| The task |
State the number of lines in the material below that have "BENZ" in them, without any other text.

| Data for analysis |
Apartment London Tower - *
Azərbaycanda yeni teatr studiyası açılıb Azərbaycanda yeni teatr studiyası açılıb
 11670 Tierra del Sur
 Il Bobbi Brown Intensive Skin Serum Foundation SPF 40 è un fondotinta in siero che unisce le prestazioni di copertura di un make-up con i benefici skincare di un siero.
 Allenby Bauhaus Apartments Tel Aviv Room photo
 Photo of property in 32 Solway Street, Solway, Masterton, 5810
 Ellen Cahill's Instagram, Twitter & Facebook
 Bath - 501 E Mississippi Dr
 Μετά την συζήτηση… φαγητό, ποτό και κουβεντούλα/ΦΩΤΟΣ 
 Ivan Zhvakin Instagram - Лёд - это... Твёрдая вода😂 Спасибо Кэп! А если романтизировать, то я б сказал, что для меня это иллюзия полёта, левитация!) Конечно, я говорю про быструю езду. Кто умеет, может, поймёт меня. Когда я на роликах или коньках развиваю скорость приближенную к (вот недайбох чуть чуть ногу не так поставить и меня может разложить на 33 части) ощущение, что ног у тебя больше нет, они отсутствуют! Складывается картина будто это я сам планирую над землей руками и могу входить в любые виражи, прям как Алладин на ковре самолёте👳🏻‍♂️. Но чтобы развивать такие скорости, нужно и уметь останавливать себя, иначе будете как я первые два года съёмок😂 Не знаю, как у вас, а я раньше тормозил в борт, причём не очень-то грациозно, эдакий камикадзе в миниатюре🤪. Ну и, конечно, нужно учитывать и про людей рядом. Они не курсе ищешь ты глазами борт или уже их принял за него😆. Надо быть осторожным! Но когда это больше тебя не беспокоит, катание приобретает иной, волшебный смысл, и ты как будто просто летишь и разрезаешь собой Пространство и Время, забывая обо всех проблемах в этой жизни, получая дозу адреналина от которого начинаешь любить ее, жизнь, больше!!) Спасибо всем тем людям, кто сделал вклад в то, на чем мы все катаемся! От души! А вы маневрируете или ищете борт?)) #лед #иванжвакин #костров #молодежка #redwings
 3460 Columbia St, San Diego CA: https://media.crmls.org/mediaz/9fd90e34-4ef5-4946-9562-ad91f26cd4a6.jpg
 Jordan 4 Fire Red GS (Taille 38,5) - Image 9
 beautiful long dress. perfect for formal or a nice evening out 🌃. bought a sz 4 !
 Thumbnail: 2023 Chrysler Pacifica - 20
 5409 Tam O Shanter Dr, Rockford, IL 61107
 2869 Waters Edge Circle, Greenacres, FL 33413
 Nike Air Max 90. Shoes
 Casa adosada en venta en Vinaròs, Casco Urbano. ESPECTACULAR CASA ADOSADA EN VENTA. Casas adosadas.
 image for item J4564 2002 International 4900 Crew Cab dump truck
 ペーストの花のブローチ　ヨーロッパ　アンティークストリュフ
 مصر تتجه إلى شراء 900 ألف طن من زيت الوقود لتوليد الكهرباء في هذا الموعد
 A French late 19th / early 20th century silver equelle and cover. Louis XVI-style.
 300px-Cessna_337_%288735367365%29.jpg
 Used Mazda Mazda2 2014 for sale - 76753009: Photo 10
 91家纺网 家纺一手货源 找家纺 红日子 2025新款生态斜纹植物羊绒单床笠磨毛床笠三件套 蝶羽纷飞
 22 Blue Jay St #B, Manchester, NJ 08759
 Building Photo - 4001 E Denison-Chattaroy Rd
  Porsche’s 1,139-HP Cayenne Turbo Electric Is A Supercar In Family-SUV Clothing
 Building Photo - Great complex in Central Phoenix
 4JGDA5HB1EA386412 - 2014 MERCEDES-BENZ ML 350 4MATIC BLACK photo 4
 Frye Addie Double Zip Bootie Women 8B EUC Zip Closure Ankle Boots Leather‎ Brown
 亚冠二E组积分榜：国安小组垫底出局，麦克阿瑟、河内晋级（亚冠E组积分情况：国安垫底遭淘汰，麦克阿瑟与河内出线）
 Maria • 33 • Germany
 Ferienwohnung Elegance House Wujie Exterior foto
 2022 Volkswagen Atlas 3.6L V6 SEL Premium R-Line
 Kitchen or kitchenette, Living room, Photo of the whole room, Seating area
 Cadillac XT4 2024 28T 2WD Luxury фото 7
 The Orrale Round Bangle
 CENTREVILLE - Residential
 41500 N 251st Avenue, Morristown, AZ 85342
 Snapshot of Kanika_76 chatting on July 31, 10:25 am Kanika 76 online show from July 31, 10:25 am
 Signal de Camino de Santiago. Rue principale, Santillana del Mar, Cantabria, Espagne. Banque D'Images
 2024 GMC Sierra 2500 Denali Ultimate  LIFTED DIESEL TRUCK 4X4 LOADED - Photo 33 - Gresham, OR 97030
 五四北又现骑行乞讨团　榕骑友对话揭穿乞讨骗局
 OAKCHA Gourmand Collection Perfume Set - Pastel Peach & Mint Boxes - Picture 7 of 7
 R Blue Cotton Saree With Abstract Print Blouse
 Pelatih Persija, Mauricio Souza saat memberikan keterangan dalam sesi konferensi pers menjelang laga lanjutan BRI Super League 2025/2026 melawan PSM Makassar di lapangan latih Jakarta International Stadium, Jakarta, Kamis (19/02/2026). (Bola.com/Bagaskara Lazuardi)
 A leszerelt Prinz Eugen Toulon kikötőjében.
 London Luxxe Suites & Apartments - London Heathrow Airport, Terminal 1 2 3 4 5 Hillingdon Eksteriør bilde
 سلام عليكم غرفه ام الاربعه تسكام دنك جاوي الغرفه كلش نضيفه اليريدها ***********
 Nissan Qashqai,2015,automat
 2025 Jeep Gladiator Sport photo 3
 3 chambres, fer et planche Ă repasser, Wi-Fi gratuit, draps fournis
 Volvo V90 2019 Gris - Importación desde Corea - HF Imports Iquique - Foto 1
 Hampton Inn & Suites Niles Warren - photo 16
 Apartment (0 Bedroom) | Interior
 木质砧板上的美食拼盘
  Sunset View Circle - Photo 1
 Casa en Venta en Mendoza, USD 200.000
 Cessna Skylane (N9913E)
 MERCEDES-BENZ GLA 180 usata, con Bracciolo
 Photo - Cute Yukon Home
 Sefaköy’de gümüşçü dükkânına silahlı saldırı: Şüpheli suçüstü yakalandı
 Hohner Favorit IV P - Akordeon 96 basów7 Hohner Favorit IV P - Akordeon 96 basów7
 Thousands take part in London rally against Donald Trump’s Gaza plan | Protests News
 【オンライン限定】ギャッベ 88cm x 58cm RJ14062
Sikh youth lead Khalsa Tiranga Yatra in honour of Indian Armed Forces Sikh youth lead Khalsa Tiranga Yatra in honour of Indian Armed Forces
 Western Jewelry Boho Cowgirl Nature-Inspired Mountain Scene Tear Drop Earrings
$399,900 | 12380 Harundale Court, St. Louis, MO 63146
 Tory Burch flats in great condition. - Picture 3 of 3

| Result below |
2